- **INSTRUCTIONS TO FOLLOW**:
The answer must be an exact copy of the lines from the top of the listing below through the line with "Then click 'sign", with no pictures.

########

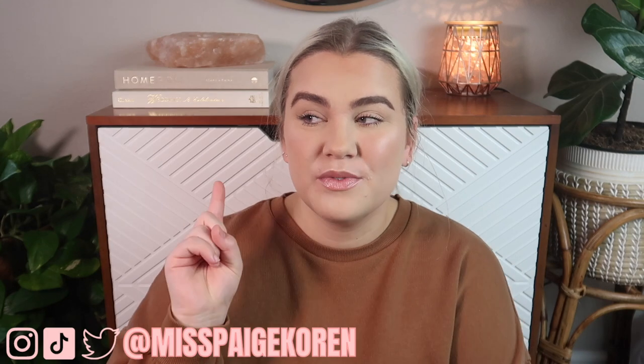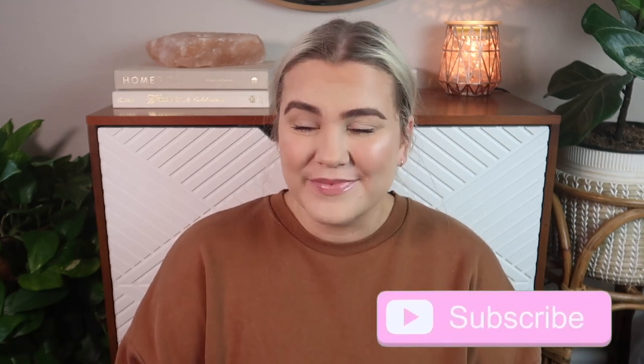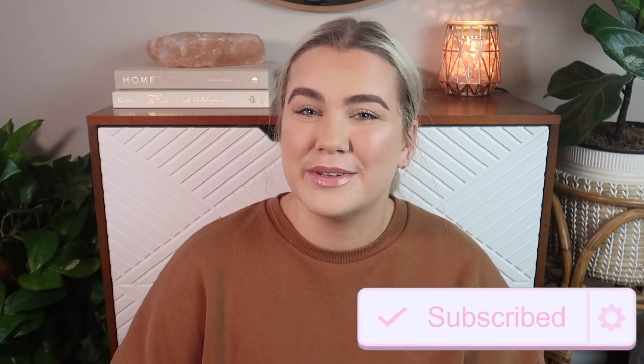Hey everybody, it's Paige and today's video is going to be a fall decor haul. Everything is from TJ Maxx, Marshalls, HomeGoods, or Target — the four best stores in the world. If you missed my shop with me I'll link it down below; we went shopping with my mom and there was lots of fun fall inspo. But I'm going to show you everything that I actually bought. If you're new to my channel don't forget to subscribe and give this video a thumbs up.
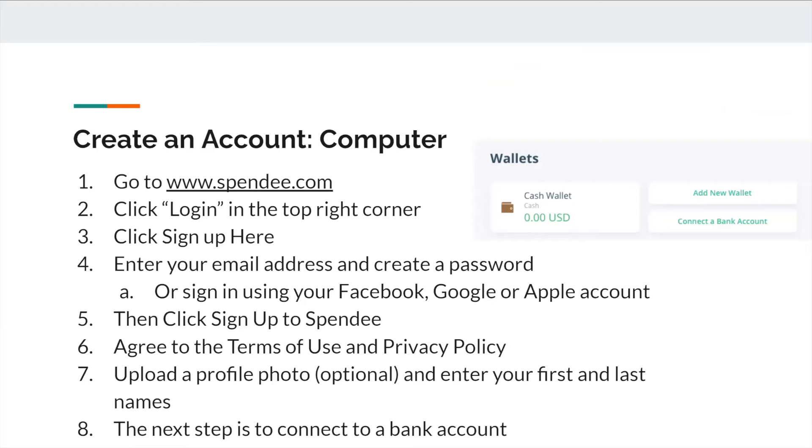Then click 'sign up to Spendi' and agree to the terms of use and privacy policy. Upload a photo, which is optional, and enter your first and last name. The next step is to connect to your bank, whichever bank you use.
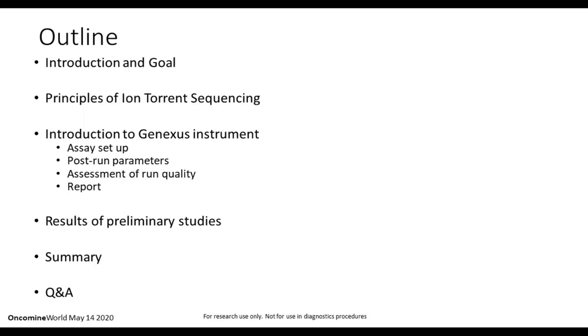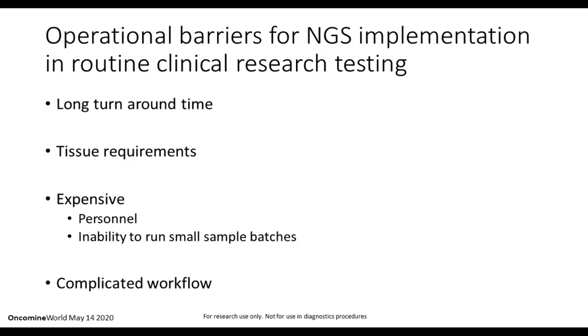By way of an outline, our presentation will include a brief introduction and goal statement of the study, the principles of ion torrent sequencing, an introduction to the GeneXus instrument, some results of preliminary studies, a summary, and an opportunity to interact in the Q&A session at the end.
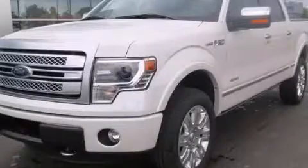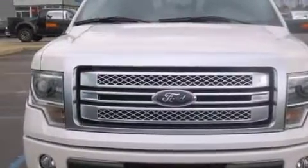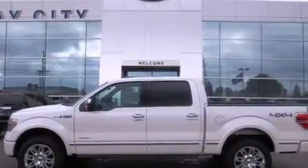This is a brand new 2013 Ford F-150. It has what you need for work as well as what you want for play. It has a 3.5-liter six-cylinder engine and an automatic transmission.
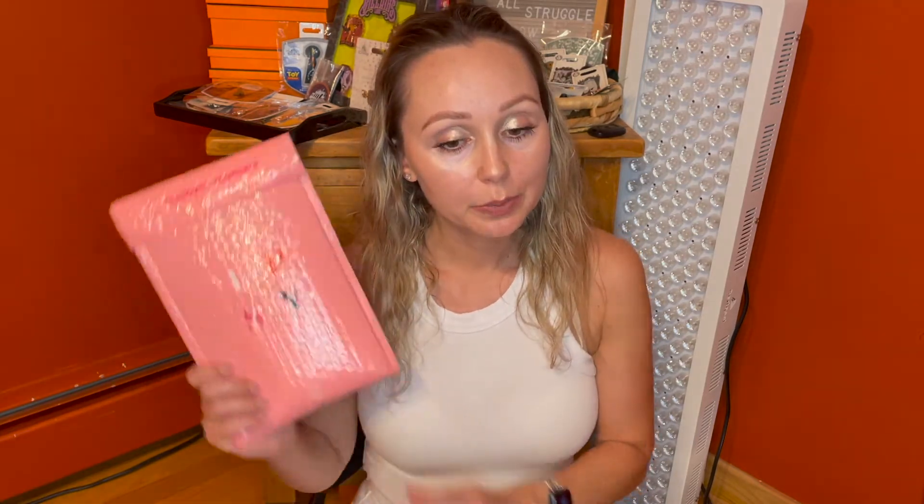Hi guys! Thank you so much for tuning into another video. So as you know, we love our Ipsy Mystery Glam Bags, and of course when a new one comes out, I almost always have to get it. So today we are going to be unbagging the Ipsy May 2021 Mystery Glam Bag.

########

- **RESULT OF THIS TASK**:
Hey everybody, it's Paige and today's video is going to be a fall decor haul. Everything is from TJ Maxx, Marshalls, HomeGoods, or Target — the four best stores in the world. If you missed my shop with me I'll link it down below; we went shopping with my mom and there was lots of fun fall inspo. But I'm going to show you everything that I actually bought. If you're new to my channel don't forget to subscribe and give this video a thumbs up.
Then click 'sign up to Spendi' and agree to the terms of use and privacy policy. Upload a photo, which is optional, and enter your first and last name. The next step is to connect to your bank, whichever bank you use.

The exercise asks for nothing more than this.